Pour s’opposer au paiement de cette somme, M. [B] [D] et Mme [U] [L], épouse [D] font valoir que Mme [R] [N] avait été entièrement responsable de la situation d’impayés, en ne procédant pas aux déclarations auprès de la CAF, et que les sommes qui lui ont été versées par cet organisme n’auraient pas été prises en compte.
Or, il est constant que les preneurs ne pouvaient prétendre à l’aide au logement que pour autant qu’il n’existaient aucun impayé de loyer, et que leurs droits ne pouvaient être réétudiés qu’à compter de la régularisation ou de la mise en place d’un plan d’apurement. Dans la mesure où il n’est pas contesté que des impayés subsistaient à la date à laquelle les époux [D] ont réintégré leur logement, les bailleurs ne pouvaient, sauf à produire une fausse attestation, indiquer à la CAF que leurs locataires étaient à jour du paiement des loyers. Par ailleurs, aucune des parties n’allègue l’existence d’un accord de règlement qui aurait pu être communiqué à la CAF durant la période postérieure à mars 2021.
Dès lors, les époux [D] ne peuvent valablement soutenir que Mme [N] aurait commis une faute de nature à engager sa responsabilité en ne communiquant aucune déclaration à la CAF.
Il en résulte que M. [B] [D] et Mme [U] [L], épouse [D] seront solidairement condamnés au paiement de la somme de 8 034 € au titre du solde des loyers impayés avant résiliation du bail, et déboutés de leur demande de dommages-intérêts compensatoires.
Sur les dépens et les demandes fondées sur l’article 700 du code de procédure civile
Les défendeurs, qui succombent sur l’ensemble de leurs prétentions, seront condamnés aux dépens de l’instance.
Ils devront en outre, par équité, verser à M. [S] [N], Mme [G] [N] épouse [V] et M. [E] [N], en leur qualité d’héritiers de Mme [R] [N], une indemnité de 1 500 € sur le fondement de l’article 700 du code de procédure civile.
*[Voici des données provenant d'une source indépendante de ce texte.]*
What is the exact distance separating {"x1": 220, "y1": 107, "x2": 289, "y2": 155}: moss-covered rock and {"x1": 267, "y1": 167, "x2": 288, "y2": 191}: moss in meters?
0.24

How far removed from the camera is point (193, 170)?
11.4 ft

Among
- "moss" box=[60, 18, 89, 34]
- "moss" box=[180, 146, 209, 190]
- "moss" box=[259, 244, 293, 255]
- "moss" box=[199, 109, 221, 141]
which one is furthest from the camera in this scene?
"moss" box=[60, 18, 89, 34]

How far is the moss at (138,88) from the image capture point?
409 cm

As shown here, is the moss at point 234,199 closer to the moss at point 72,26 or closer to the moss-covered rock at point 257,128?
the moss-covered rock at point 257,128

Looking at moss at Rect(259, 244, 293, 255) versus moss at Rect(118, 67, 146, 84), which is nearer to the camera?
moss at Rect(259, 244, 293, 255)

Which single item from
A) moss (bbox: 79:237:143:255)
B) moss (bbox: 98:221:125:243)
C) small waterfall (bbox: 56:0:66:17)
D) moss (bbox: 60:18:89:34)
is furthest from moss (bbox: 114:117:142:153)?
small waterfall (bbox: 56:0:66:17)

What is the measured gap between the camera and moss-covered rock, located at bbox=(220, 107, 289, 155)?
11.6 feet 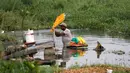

En revanche, dans la mesure où il a déjà été statué par la cour d’appel sur la demande formée sur ce même fondement par l’EARL de LAUDOUARD, il y a lieu de la rejeter.
PAR CES MOTIFS :
Le juge des contentieux de la protection, statuant publiquement par mise à disposition au greffe, par jugement contradictoire, et en premier ressort,
CONSTATE que les consorts [N] disposent d’un titre exécutoire définitif pour obtenir le paiement des sommes dues par M. [B] [D] et Mme [U] [L], épouse [D] pour la période postérieure au 20 janvier 2023 ;
CONDAMNE SOLIDAIREMENT M. [B] [D] et Mme [U] [L], épouse [D] à payer à M. [S] [N], Mme [G] [N] épouse [V] et M. [E] [N] la somme de 8 034 € (huit mille trente quatre euros) au titre des loyers échus impayés à la date de résiliation du bail ;
DÉBOUTE M. [B] [D] et Mme [U] [L], épouse [D] de leur demande de dommages-intérêts ;
CONDAMNE SOLIDAIREMENT M. [B] [D] et Mme [U] [L], épouse [D] aux dépens de l’instance ;
LES CONDAMNE SOLIDAIREMENT à verser à M. [S] [N], Mme [G] [N] épouse [V] et M. [E] [N] ensemble une indemnité globale de 1 500 € (mille cinq cents euros) sur le fondement de l’article 700 du code de procédure civile ;
DIT n’y avoir lieu de faire application de l’article 700 du code de procédure civile au profit de l’EARL de LAUDOUARD ;
RAPPELLE que le présent jugement est assorti de plein droit de l’exécution provisoire.